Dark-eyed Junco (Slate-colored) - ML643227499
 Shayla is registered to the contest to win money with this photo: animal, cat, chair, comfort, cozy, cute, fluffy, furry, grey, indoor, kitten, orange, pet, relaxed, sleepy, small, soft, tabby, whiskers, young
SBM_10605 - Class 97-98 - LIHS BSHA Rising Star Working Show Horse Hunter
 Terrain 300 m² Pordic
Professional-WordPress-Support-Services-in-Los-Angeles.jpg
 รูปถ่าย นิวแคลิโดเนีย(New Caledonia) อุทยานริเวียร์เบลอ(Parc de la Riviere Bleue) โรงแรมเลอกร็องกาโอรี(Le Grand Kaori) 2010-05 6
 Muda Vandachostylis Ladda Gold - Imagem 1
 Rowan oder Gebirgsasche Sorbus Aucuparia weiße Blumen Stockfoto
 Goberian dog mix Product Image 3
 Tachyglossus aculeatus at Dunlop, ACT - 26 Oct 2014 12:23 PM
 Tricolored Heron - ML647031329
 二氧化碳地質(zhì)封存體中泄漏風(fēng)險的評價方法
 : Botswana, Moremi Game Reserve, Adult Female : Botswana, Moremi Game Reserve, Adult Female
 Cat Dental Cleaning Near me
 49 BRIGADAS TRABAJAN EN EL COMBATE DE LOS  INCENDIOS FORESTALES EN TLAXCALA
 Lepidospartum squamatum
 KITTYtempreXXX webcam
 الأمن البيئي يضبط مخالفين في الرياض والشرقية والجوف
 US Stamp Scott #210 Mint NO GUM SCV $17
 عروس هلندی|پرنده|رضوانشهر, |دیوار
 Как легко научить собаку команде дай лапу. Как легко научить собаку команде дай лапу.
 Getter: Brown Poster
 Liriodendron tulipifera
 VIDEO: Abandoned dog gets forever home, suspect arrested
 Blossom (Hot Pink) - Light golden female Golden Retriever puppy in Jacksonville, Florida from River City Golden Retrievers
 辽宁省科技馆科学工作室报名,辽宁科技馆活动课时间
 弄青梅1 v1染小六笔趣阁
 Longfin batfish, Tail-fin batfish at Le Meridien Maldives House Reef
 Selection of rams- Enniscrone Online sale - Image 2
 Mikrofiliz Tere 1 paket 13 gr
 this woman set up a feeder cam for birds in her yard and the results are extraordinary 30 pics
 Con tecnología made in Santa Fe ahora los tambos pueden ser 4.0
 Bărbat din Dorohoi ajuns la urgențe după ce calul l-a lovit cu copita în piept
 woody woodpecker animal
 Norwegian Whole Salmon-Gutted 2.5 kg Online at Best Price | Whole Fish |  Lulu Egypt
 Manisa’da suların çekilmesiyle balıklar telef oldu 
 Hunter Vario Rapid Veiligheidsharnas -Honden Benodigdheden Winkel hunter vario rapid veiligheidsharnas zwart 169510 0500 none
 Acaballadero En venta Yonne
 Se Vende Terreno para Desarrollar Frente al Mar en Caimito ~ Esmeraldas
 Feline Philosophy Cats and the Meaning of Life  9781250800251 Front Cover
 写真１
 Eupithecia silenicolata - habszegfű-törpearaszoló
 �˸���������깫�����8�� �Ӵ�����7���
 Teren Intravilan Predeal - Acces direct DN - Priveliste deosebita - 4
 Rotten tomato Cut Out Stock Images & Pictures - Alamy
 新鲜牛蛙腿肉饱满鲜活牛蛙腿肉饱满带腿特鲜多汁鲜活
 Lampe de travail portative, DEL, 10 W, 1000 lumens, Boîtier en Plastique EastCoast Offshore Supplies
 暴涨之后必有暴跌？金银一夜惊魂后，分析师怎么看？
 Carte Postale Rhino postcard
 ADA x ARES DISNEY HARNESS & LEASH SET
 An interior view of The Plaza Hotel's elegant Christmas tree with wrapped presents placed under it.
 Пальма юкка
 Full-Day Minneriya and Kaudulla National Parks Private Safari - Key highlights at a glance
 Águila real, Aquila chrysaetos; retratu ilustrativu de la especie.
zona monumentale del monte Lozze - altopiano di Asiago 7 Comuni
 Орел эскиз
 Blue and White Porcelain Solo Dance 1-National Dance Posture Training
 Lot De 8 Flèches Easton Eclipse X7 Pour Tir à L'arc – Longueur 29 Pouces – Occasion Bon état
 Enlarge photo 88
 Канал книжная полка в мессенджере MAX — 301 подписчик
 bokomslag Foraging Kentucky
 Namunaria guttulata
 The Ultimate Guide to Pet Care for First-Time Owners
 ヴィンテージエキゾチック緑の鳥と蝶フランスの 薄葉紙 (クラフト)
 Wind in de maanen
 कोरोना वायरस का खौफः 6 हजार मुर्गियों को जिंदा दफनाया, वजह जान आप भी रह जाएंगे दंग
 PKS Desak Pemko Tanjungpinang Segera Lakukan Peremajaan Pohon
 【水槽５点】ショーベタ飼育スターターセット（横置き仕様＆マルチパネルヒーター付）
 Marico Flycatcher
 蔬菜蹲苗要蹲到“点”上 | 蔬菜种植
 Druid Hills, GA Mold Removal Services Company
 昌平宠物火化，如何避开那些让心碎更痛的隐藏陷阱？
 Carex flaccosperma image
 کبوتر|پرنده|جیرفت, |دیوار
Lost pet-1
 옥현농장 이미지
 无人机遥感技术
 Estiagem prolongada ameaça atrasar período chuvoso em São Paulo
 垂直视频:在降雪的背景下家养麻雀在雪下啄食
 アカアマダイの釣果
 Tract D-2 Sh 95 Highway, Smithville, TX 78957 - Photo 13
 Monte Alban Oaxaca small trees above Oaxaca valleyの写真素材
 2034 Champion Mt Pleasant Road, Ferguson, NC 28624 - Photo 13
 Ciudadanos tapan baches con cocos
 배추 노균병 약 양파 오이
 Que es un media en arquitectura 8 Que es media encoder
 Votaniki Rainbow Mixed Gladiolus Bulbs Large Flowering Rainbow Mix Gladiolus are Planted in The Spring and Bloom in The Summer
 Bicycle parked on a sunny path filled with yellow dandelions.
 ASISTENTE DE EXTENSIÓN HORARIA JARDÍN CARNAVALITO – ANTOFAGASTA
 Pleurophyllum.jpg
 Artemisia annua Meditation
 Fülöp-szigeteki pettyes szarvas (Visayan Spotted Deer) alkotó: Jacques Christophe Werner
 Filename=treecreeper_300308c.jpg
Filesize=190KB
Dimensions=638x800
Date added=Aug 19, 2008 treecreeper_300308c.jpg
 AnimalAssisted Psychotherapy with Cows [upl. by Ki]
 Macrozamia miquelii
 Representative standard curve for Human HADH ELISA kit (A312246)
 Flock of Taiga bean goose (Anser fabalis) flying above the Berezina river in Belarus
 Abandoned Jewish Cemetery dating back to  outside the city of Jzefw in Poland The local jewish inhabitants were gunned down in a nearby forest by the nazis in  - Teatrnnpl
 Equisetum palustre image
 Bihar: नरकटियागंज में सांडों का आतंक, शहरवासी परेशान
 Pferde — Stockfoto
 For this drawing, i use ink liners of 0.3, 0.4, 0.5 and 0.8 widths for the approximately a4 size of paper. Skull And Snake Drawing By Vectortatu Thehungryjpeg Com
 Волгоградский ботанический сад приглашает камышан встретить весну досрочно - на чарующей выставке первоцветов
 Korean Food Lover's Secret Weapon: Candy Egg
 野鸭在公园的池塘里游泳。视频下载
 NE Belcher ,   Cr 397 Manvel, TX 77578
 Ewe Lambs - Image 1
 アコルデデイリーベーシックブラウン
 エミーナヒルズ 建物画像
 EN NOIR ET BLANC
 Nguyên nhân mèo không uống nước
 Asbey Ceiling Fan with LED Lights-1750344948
• • •
Without leaving anything out, output all of the material exactly.

Task result
Dark-eyed Junco (Slate-colored) - ML643227499
 Shayla is registered to the contest to win money with this photo: animal, cat, chair, comfort, cozy, cute, fluffy, furry, grey, indoor, kitten, orange, pet, relaxed, sleepy, small, soft, tabby, whiskers, young
SBM_10605 - Class 97-98 - LIHS BSHA Rising Star Working Show Horse Hunter
 Terrain 300 m² Pordic
Professional-WordPress-Support-Services-in-Los-Angeles.jpg
 รูปถ่าย นิวแคลิโดเนีย(New Caledonia) อุทยานริเวียร์เบลอ(Parc de la Riviere Bleue) โรงแรมเลอกร็องกาโอรี(Le Grand Kaori) 2010-05 6
 Muda Vandachostylis Ladda Gold - Imagem 1
 Rowan oder Gebirgsasche Sorbus Aucuparia weiße Blumen Stockfoto
 Goberian dog mix Product Image 3
 Tachyglossus aculeatus at Dunlop, ACT - 26 Oct 2014 12:23 PM
 Tricolored Heron - ML647031329
 二氧化碳地質(zhì)封存體中泄漏風(fēng)險的評價方法
 : Botswana, Moremi Game Reserve, Adult Female : Botswana, Moremi Game Reserve, Adult Female
 Cat Dental Cleaning Near me
 49 BRIGADAS TRABAJAN EN EL COMBATE DE LOS  INCENDIOS FORESTALES EN TLAXCALA
 Lepidospartum squamatum
 KITTYtempreXXX webcam
 الأمن البيئي يضبط مخالفين في الرياض والشرقية والجوف
 US Stamp Scott #210 Mint NO GUM SCV $17
 عروس هلندی|پرنده|رضوانشهر, |دیوار
 Как легко научить собаку команде дай лапу. Как легко научить собаку команде дай лапу.
 Getter: Brown Poster
 Liriodendron tulipifera
 VIDEO: Abandoned dog gets forever home, suspect arrested
 Blossom (Hot Pink) - Light golden female Golden Retriever puppy in Jacksonville, Florida from River City Golden Retrievers
 辽宁省科技馆科学工作室报名,辽宁科技馆活动课时间
 弄青梅1 v1染小六笔趣阁
 Longfin batfish, Tail-fin batfish at Le Meridien Maldives House Reef
 Selection of rams- Enniscrone Online sale - Image 2
 Mikrofiliz Tere 1 paket 13 gr
 this woman set up a feeder cam for birds in her yard and the results are extraordinary 30 pics
 Con tecnología made in Santa Fe ahora los tambos pueden ser 4.0
 Bărbat din Dorohoi ajuns la urgențe după ce calul l-a lovit cu copita în piept
 woody woodpecker animal
 Norwegian Whole Salmon-Gutted 2.5 kg Online at Best Price | Whole Fish |  Lulu Egypt
 Manisa’da suların çekilmesiyle balıklar telef oldu 
 Hunter Vario Rapid Veiligheidsharnas -Honden Benodigdheden Winkel hunter vario rapid veiligheidsharnas zwart 169510 0500 none
 Acaballadero En venta Yonne
 Se Vende Terreno para Desarrollar Frente al Mar en Caimito ~ Esmeraldas
 Feline Philosophy Cats and the Meaning of Life  9781250800251 Front Cover
 写真１
 Eupithecia silenicolata - habszegfű-törpearaszoló
 �˸���������깫�����8�� �Ӵ�����7���
 Teren Intravilan Predeal - Acces direct DN - Priveliste deosebita - 4
 Rotten tomato Cut Out Stock Images & Pictures - Alamy
 新鲜牛蛙腿肉饱满鲜活牛蛙腿肉饱满带腿特鲜多汁鲜活
 Lampe de travail portative, DEL, 10 W, 1000 lumens, Boîtier en Plastique EastCoast Offshore Supplies
 暴涨之后必有暴跌？金银一夜惊魂后，分析师怎么看？
 Carte Postale Rhino postcard
 ADA x ARES DISNEY HARNESS & LEASH SET
 An interior view of The Plaza Hotel's elegant Christmas tree with wrapped presents placed under it.
 Пальма юкка
 Full-Day Minneriya and Kaudulla National Parks Private Safari - Key highlights at a glance
 Águila real, Aquila chrysaetos; retratu ilustrativu de la especie.
zona monumentale del monte Lozze - altopiano di Asiago 7 Comuni
 Орел эскиз
 Blue and White Porcelain Solo Dance 1-National Dance Posture Training
 Lot De 8 Flèches Easton Eclipse X7 Pour Tir à L'arc – Longueur 29 Pouces – Occasion Bon état
 Enlarge photo 88
 Канал книжная полка в мессенджере MAX — 301 подписчик
 bokomslag Foraging Kentucky
 Namunaria guttulata
 The Ultimate Guide to Pet Care for First-Time Owners
 ヴィンテージエキゾチック緑の鳥と蝶フランスの 薄葉紙 (クラフト)
 Wind in de maanen
 कोरोना वायरस का खौफः 6 हजार मुर्गियों को जिंदा दफनाया, वजह जान आप भी रह जाएंगे दंग
 PKS Desak Pemko Tanjungpinang Segera Lakukan Peremajaan Pohon
 【水槽５点】ショーベタ飼育スターターセット（横置き仕様＆マルチパネルヒーター付）
 Marico Flycatcher
 蔬菜蹲苗要蹲到“点”上 | 蔬菜种植
 Druid Hills, GA Mold Removal Services Company
 昌平宠物火化，如何避开那些让心碎更痛的隐藏陷阱？
 Carex flaccosperma image
 کبوتر|پرنده|جیرفت, |دیوار
Lost pet-1
 옥현농장 이미지
 无人机遥感技术
 Estiagem prolongada ameaça atrasar período chuvoso em São Paulo
 垂直视频:在降雪的背景下家养麻雀在雪下啄食
 アカアマダイの釣果
 Tract D-2 Sh 95 Highway, Smithville, TX 78957 - Photo 13
 Monte Alban Oaxaca small trees above Oaxaca valleyの写真素材
 2034 Champion Mt Pleasant Road, Ferguson, NC 28624 - Photo 13
 Ciudadanos tapan baches con cocos
 배추 노균병 약 양파 오이
 Que es un media en arquitectura 8 Que es media encoder
 Votaniki Rainbow Mixed Gladiolus Bulbs Large Flowering Rainbow Mix Gladiolus are Planted in The Spring and Bloom in The Summer
 Bicycle parked on a sunny path filled with yellow dandelions.
 ASISTENTE DE EXTENSIÓN HORARIA JARDÍN CARNAVALITO – ANTOFAGASTA
 Pleurophyllum.jpg
 Artemisia annua Meditation
 Fülöp-szigeteki pettyes szarvas (Visayan Spotted Deer) alkotó: Jacques Christophe Werner
 Filename=treecreeper_300308c.jpg
Filesize=190KB
Dimensions=638x800
Date added=Aug 19, 2008 treecreeper_300308c.jpg
 AnimalAssisted Psychotherapy with Cows [upl. by Ki]
 Macrozamia miquelii
 Representative standard curve for Human HADH ELISA kit (A312246)
 Flock of Taiga bean goose (Anser fabalis) flying above the Berezina river in Belarus
 Abandoned Jewish Cemetery dating back to  outside the city of Jzefw in Poland The local jewish inhabitants were gunned down in a nearby forest by the nazis in  - Teatrnnpl
 Equisetum palustre image
 Bihar: नरकटियागंज में सांडों का आतंक, शहरवासी परेशान
 Pferde — Stockfoto
 For this drawing, i use ink liners of 0.3, 0.4, 0.5 and 0.8 widths for the approximately a4 size of paper. Skull And Snake Drawing By Vectortatu Thehungryjpeg Com
 Волгоградский ботанический сад приглашает камышан встретить весну досрочно - на чарующей выставке первоцветов
 Korean Food Lover's Secret Weapon: Candy Egg
 野鸭在公园的池塘里游泳。视频下载
 NE Belcher ,   Cr 397 Manvel, TX 77578
 Ewe Lambs - Image 1
 アコルデデイリーベーシックブラウン
 エミーナヒルズ 建物画像
 EN NOIR ET BLANC
 Nguyên nhân mèo không uống nước
 Asbey Ceiling Fan with LED Lights-1750344948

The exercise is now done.